Trotz der Probleme in der Lieferkette setzte das globale Handelswachstum im letzten Jahr fort und erreichte schätzungsweise 28 Billionen US-Dollar im Jahr 2021, was einem Anstieg von 23 Prozent im Vergleich zum Vorjahr entspricht, schreibt Visualcapitalist.

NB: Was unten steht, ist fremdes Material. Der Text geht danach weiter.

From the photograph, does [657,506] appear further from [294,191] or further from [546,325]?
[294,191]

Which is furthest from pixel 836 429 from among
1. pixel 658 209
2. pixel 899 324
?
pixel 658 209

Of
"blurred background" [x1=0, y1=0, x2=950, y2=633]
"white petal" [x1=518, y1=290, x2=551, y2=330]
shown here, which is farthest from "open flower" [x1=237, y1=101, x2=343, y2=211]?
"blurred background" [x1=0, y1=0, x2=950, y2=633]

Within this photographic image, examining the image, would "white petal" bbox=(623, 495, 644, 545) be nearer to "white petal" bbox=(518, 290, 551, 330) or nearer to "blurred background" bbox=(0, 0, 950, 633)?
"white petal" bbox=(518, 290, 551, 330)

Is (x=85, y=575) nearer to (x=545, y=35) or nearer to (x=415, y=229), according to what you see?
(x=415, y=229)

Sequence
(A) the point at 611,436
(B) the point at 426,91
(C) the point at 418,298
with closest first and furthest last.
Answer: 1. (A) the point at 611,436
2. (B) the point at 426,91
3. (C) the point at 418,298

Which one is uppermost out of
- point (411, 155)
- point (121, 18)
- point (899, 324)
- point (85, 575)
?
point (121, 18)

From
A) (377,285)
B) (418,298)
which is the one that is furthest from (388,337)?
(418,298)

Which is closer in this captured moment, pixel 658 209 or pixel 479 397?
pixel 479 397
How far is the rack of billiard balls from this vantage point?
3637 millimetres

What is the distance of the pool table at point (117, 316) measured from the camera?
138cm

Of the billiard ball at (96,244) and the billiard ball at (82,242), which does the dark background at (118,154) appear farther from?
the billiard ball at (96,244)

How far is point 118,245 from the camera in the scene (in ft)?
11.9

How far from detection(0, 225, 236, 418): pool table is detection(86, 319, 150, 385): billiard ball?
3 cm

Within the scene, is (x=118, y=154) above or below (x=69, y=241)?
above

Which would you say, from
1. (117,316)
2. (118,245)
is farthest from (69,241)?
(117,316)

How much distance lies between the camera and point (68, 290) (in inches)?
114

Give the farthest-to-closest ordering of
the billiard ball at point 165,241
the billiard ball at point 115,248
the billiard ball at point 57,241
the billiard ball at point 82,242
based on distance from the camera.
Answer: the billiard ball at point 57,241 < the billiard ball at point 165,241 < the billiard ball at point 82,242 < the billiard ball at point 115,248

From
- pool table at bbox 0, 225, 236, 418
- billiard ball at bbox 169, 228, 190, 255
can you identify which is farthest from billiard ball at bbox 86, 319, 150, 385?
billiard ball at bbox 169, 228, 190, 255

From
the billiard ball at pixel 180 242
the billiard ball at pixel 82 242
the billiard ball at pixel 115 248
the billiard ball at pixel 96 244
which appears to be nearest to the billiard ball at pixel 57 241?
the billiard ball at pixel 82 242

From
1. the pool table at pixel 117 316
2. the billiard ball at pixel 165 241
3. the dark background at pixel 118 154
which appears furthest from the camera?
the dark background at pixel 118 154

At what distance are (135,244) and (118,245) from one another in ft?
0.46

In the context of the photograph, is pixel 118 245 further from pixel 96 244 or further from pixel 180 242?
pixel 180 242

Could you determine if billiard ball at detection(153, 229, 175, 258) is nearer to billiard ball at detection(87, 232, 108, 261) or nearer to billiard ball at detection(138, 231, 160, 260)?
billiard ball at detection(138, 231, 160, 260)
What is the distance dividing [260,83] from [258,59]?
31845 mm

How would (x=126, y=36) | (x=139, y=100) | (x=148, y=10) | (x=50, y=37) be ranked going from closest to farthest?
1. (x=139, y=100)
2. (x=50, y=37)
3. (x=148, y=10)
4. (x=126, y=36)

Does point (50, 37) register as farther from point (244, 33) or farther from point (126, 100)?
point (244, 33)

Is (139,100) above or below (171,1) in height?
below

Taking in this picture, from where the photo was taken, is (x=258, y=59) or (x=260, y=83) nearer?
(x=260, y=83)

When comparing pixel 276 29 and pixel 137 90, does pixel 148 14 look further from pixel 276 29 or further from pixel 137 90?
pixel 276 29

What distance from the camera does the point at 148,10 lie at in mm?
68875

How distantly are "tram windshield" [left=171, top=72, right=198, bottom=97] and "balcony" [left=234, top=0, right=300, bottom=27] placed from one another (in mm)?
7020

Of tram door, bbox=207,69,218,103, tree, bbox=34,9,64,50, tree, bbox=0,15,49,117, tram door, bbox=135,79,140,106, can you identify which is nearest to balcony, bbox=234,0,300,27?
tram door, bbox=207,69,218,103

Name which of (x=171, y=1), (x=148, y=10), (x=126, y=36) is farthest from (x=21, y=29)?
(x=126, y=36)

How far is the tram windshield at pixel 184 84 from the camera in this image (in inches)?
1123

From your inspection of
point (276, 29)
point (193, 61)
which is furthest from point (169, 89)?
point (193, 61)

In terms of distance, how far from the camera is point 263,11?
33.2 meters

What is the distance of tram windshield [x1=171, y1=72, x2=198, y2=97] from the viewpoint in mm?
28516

In dieser globalen Kette sind einige Länder echte Knotenpunkte des globalen Handelsnetzwerks, und während China derzeit der größte globale Handelspartner ist, war das nicht immer so. Diese Grafikreihe von Professor Anders Sundell veranschaulicht die Geschichte der größten Handelszentren der Welt und zeigt, wie sich die Landschaft von 1960 bis heute entwickelt hat. Mit Hilfe von Netzwerkgrafiken verbindet jede visuelle Darstellung Länder mit ihrem wichtigsten Handelspartner und verwendet Daten, die sowohl Importe als auch Exporte umfassen.

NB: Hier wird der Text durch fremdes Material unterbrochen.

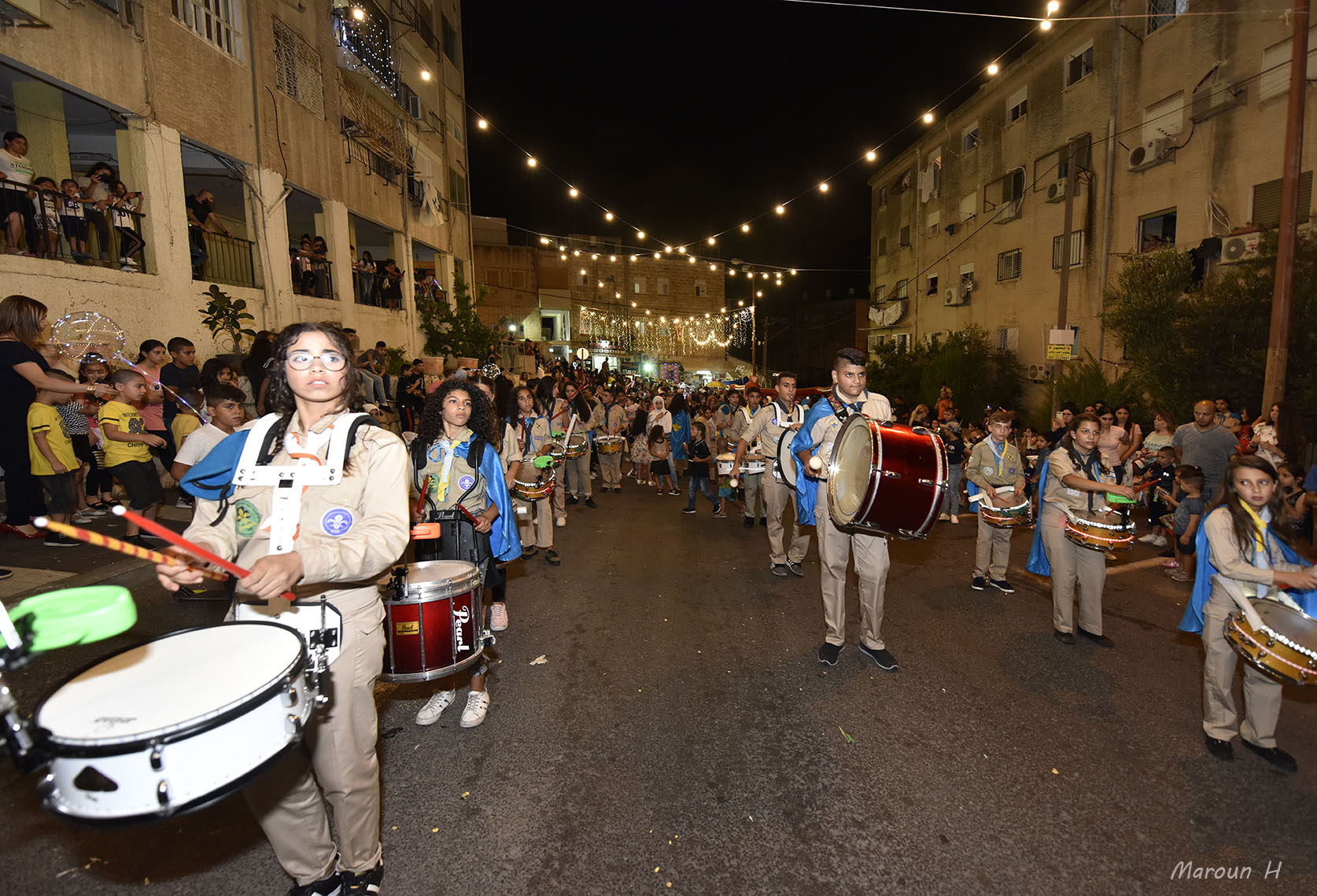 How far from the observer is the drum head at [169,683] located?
172 centimetres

1960: Die Ära der Handelsdominanz der USA
Der internationale Handel existiert seit Jahrtausenden und wurde zuvor über bekannte Handelsrouten wie die Seidenstraße abgewickelt, die Luxusgüter von China nach Europa transportierte. Unsere Geschichte beginnt jedoch in den 1960er Jahren – kurz bevor die ‚Containerisierung‘ von den Vereinigten Staaten aus die Welt eroberte und den globalen Handel für immer veränderte.
—
—
In den 1960er Jahren erlebten die USA ihren wirtschaftlichen Aufschwung nach dem Krieg. Hoher Konsum befeuerte das rasante Wirtschaftswachstum, und die wachsende Mittelschicht führte zu einer erhöhten Nachfrage nach Luxusgütern wie Fernsehern und Autos. Als Reaktion auf diese wachsende Nachfrage erweiterten sich amerikanische Fabriken, die für den Kriegsaufwand entscheidend waren, schnell, und die inländische Produktion begann voranzukommen. Zur gleichen Zeit wurde im Kongress eine Gesetzgebung verabschiedet, die den internationalen Handel förderte. 1962 unterzeichnete Präsident John F. Kennedy das Handelsausweitungsgesetz, das der US-Regierung ermöglichte, massive Zollsenkungen mit anderen Ländern auszuhandeln. Dies führte letztendlich zu einer Reihe von Verhandlungen, die als ‚die Kennedy-Runde‚ bekannt wurden und zu niedrigeren Zöllen und reduzierten Exportbarrieren für Entwicklungsländer führten.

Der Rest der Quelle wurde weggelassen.